Le rapport émirati exhorte la direction émiratie à reconsidérer fondamentalement ses méthodes traditionnelles de relations avec Israël en raison d'une tendance à un comportement irrespectueux et non réciproque. Il préconise une réponse ferme, du type « œil pour œil », pour contraindre Israël à modifier sa conduite.
Tags : #Emirats_Arabes_Unis #Israël #normalisation #Accords_d_Abraham #Gaza #Afrique #Angola #Qatar
Un rapport confidentiel, daté du 7 novembre 2024, émanant d’une unité centrale de renseignements des Émirats arabes unis (EAU) à l’intention de la haute direction. Le document, révélé par la presse saoudienne évalue l’état de la coopération émirato-israélienne au cours de l’année 2024 et conclut que le comportement israélien a été largement inapproprié, arrogant et peu professionnel. Le rapport soutient que cela nécessite une réponse ferme et réciproque au plus haut niveau.
- Évaluation négative : Le rapport examine 30 cas d’interaction israélienne entre janvier et octobre 2024. Il en classe 19 (plus de la moitié) comme « inappropriés », dont 8 constituant des violations de « haut niveau » et 11 de « niveau moyen ».
- Plainte principale : Le problème central est la perception d’« arrogance » et de « condescendance » de la partie israélienne dans ses communications et actions, considérée comme une violation de l’esprit de coopération et des protocoles convenus.
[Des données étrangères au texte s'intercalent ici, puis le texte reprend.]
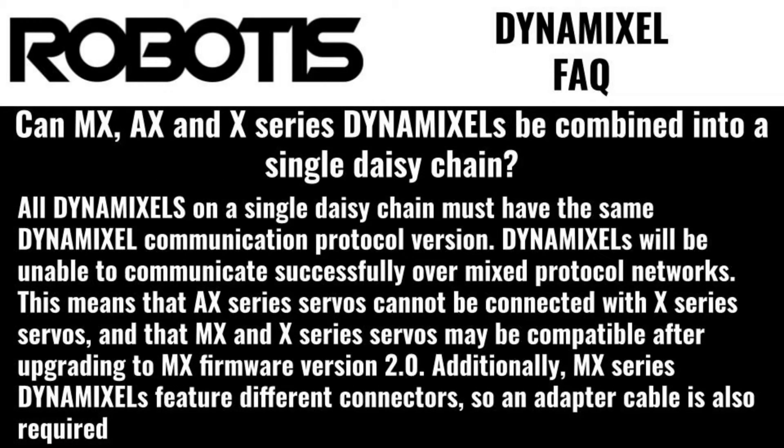Can MX, AX, and X-series Dynamixels be combined into a single daisy chain? All Dynamixels in a single daisy chain must have the same Dynamixel communication protocol. Dynamixels will be unable to communicate successfully over mixed protocol networks. This means AX series cannot be combined with X-series servos at all, and MX and X-series servos may be compatible after upgrading to MX firmware version 2.0. Additionally, MX series Dynamixels feature different connectors, so an adapter cable is also required.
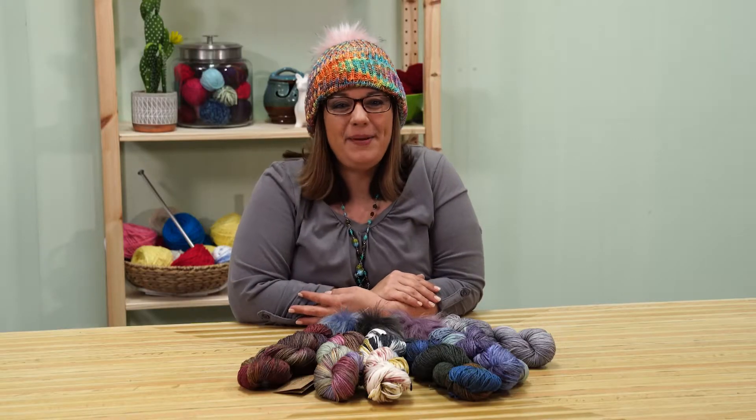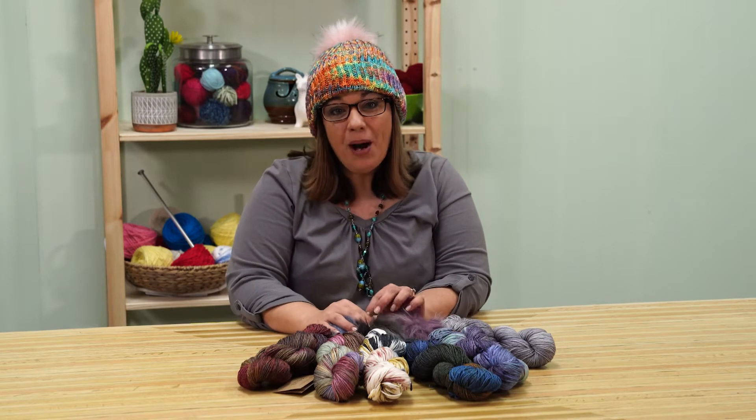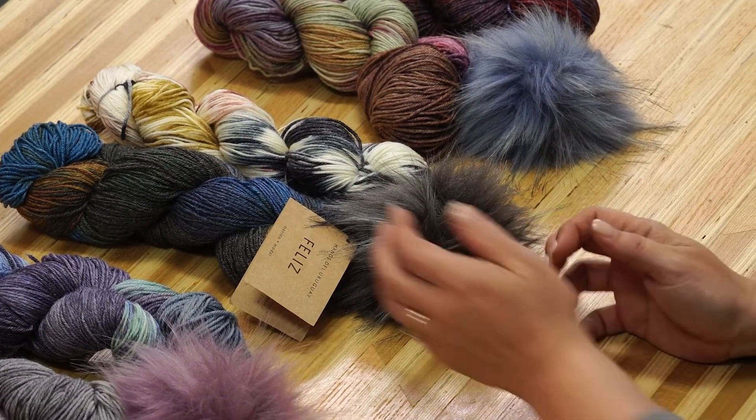Check out our kits at OneBigHappy.com. We've hand-picked the yarn and pom-pom pairings and they are stunning. Plus, every kit includes a printed pattern so you can knit anywhere.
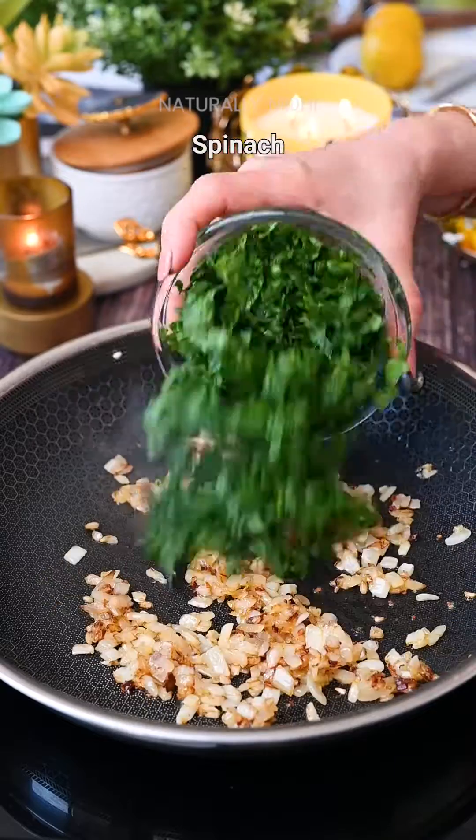Now add in your feta cheese, which is traditionally used, but you can definitely use any melting cheese of your choice. We will cut our puff pastry sheets into long strips, then add a layer of our filling and some mozzarella cheese.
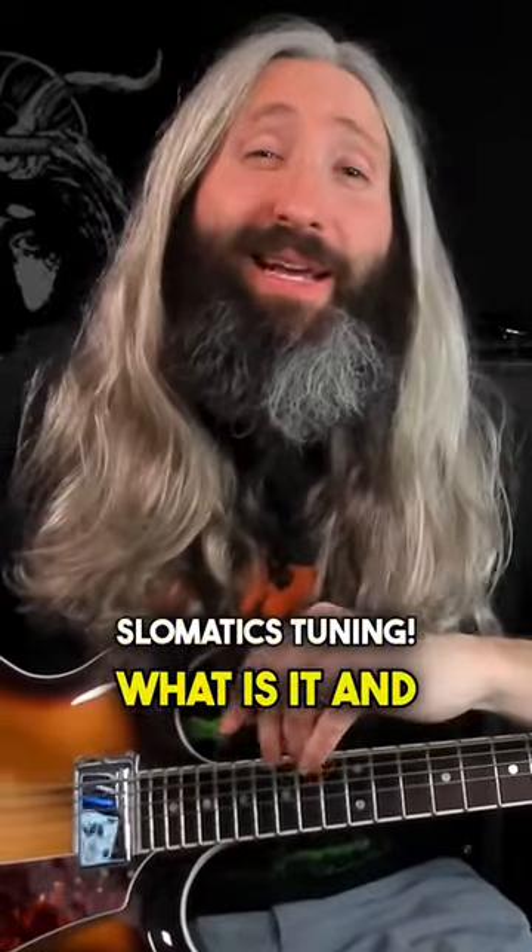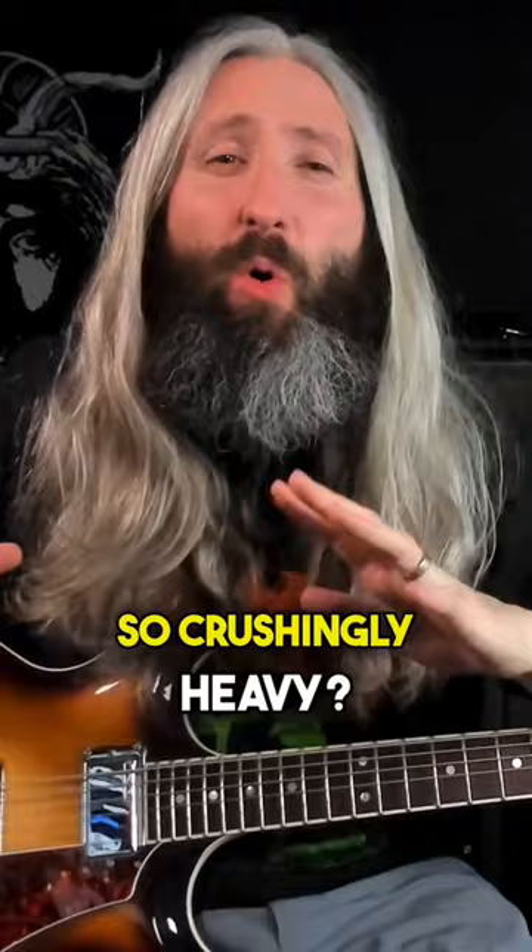Slowmatics tuning — what is it, and how is it possible that a band with no bass player sounds so crushingly heavy? I heard them describe it one time as Neil Young meets Neurosis.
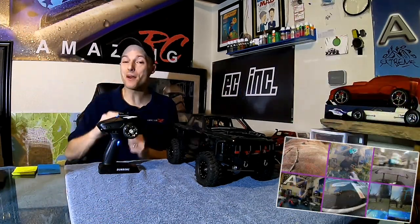What's up, guys? Welcome back to AmazingRC. It's your boy, Brian. And today I've got my excited face on.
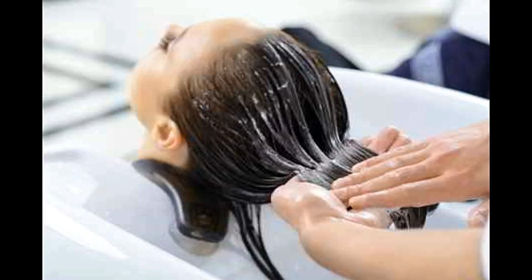Check for the ingredients and instructions and choose accordingly. Make sure you take care of your scalp as much as you take care of your hair. It's ultimately the scalp that will give you healthy and beautiful hair, just the way you want it. Take care.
- Impact : Ce comportement est jugé préjudiciable aux relations bilatérales et aux intérêts des deux peuples, nécessitant un changement par rapport aux approches diplomatiques traditionnelles.
Le rapport étaye ses affirmations avec plusieurs mémorandums (étiquetés de A à H) attribués au Premier ministre israélien Benjamin Netanyahu et à son bureau, adressés aux dirigeants émiratis (Mohammed ben Zayed et Abdallah ben Zayed). Les réponses calculées, « mesurées » et « professionnelles » des EAU sont mises en contraste avec le ton perçu comme arrogant des Israéliens.
Exemples cités du comportement israélien allégué :
- Ton exigeant et directif : Ordres de « relever le niveau du renseignement » à Gaza et au Qatar avec des délais stricts, accompagnés de rappels qu’Israël fournit « des outils modernes ». (Mémos A & B)
- Accusations et menaces : Accuser les EAU d’un « coup de poignard dans le dos » pour leur engagement dans la diplomatie golfo-iranienne et critiquer leur vote à l’ONU pour l’adhésion pleine de la Palestine. (Mémos E & F)
- Demandes présomptueuses : Demander l’autorisation d’utiliser l’espace aérien émirati pour lancer des frappes sur l’Iran et affirmer que les aéroports émiratis sont à leur disposition, déclaration ultérieurement « corrigée » comme étant erronée. (Mémos G & H)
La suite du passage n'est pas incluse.